■ Description of the task:
Search the entries for the word "Office". Copy every line where it turns up.

■ Provided data:
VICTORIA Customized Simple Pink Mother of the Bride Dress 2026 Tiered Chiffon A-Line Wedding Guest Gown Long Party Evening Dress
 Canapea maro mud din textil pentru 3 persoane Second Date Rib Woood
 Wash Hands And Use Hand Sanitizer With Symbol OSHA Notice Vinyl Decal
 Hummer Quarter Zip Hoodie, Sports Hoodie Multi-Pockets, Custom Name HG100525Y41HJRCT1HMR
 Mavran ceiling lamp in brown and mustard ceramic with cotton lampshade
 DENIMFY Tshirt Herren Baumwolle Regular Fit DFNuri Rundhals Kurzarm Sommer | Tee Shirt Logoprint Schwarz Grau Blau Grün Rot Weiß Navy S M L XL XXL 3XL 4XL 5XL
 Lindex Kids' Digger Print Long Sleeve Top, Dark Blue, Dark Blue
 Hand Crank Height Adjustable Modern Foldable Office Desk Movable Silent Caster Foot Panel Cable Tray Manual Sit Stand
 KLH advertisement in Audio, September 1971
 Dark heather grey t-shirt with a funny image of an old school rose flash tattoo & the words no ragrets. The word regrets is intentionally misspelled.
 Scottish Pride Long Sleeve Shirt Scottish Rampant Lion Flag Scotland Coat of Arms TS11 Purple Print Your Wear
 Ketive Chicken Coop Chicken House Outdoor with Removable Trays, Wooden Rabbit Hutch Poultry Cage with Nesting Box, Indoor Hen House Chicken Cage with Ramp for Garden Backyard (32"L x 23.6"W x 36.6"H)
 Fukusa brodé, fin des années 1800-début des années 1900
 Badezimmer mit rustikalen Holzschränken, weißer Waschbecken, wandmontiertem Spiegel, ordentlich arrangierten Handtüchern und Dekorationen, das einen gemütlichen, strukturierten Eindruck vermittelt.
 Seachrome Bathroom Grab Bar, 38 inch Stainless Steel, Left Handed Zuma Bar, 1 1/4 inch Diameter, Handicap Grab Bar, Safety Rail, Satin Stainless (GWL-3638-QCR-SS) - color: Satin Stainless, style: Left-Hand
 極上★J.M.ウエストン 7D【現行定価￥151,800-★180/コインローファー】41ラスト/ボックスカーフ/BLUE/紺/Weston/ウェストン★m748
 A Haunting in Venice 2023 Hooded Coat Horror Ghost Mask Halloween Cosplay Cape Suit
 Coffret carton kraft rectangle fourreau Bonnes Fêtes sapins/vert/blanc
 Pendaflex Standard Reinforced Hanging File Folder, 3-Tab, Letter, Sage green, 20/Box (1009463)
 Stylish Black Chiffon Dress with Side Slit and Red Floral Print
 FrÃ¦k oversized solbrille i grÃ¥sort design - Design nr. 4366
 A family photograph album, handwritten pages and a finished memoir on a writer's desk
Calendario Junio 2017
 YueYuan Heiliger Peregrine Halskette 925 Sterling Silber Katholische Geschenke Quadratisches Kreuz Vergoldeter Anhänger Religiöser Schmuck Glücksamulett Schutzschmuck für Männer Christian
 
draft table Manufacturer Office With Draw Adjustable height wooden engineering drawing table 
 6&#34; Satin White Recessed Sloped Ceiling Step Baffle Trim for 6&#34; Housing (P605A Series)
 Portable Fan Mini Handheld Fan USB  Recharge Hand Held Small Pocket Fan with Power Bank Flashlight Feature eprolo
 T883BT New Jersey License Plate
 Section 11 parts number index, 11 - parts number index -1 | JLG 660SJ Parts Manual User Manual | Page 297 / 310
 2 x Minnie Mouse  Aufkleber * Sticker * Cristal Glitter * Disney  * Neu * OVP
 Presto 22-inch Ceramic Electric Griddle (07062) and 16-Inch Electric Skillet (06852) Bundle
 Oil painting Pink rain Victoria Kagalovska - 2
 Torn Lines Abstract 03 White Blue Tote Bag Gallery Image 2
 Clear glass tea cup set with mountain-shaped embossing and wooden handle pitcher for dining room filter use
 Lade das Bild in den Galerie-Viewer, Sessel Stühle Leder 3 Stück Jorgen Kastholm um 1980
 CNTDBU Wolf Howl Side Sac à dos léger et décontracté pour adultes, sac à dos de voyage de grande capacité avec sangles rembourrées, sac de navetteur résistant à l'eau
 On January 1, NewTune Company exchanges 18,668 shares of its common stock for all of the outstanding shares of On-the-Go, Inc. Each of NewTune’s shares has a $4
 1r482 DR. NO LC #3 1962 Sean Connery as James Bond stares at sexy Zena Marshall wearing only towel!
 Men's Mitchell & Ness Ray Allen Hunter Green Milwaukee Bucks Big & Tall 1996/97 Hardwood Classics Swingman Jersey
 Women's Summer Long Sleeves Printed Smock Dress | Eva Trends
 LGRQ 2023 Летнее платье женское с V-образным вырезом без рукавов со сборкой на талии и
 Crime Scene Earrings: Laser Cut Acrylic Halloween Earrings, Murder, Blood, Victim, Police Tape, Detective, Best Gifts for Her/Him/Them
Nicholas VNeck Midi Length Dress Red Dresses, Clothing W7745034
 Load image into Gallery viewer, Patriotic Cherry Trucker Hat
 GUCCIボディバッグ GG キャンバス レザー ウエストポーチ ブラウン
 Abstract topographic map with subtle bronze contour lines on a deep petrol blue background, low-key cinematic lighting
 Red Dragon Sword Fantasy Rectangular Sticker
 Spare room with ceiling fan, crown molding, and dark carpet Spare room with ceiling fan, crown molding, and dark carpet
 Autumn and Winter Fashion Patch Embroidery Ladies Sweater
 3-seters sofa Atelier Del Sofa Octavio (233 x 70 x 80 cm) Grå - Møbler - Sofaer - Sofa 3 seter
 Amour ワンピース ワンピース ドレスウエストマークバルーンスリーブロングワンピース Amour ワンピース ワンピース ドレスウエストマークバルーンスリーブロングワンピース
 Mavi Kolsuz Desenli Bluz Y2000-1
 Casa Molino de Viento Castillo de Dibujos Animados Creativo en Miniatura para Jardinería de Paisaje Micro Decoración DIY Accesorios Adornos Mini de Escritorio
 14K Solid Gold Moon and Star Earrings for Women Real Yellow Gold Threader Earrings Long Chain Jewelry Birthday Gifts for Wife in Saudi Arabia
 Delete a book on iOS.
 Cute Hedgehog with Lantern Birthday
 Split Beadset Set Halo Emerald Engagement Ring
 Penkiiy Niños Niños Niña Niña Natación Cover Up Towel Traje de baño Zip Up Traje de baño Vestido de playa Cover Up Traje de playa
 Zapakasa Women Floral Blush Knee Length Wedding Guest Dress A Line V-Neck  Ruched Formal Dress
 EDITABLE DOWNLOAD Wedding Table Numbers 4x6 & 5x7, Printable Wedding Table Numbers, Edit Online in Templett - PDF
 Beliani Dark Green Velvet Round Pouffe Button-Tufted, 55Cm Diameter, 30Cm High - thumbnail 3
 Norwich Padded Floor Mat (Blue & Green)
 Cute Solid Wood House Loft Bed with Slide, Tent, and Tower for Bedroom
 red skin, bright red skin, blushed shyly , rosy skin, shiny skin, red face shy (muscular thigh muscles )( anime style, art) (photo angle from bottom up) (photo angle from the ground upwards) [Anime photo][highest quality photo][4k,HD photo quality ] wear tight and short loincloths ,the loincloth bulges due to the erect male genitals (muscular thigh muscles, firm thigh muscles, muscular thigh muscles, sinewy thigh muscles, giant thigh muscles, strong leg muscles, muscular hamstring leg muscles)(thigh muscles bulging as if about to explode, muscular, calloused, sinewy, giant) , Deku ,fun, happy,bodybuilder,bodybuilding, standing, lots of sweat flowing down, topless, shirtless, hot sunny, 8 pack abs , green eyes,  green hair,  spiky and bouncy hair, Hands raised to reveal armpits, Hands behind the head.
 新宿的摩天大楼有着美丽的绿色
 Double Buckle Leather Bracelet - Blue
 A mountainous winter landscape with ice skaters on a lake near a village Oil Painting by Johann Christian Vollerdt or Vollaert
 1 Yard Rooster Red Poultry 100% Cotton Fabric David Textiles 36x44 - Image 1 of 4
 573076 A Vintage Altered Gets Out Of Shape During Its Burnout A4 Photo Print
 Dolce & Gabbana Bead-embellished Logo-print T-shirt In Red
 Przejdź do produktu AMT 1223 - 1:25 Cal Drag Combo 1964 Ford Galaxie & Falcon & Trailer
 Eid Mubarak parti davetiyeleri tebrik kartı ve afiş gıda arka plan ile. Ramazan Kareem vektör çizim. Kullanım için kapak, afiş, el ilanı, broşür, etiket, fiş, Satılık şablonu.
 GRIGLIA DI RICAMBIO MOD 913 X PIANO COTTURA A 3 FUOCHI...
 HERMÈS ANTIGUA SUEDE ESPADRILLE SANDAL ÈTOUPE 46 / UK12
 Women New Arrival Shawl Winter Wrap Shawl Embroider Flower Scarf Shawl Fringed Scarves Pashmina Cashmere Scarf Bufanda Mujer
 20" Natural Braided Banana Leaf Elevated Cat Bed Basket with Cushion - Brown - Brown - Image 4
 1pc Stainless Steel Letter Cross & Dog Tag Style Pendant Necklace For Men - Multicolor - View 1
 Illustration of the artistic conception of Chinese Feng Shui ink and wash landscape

■ Solution to this problem:
 Hand Crank Height Adjustable Modern Foldable Office Desk Movable Silent Caster Foot Panel Cable Tray Manual Sit Stand
draft table Manufacturer Office With Draw Adjustable height wooden engineering drawing table 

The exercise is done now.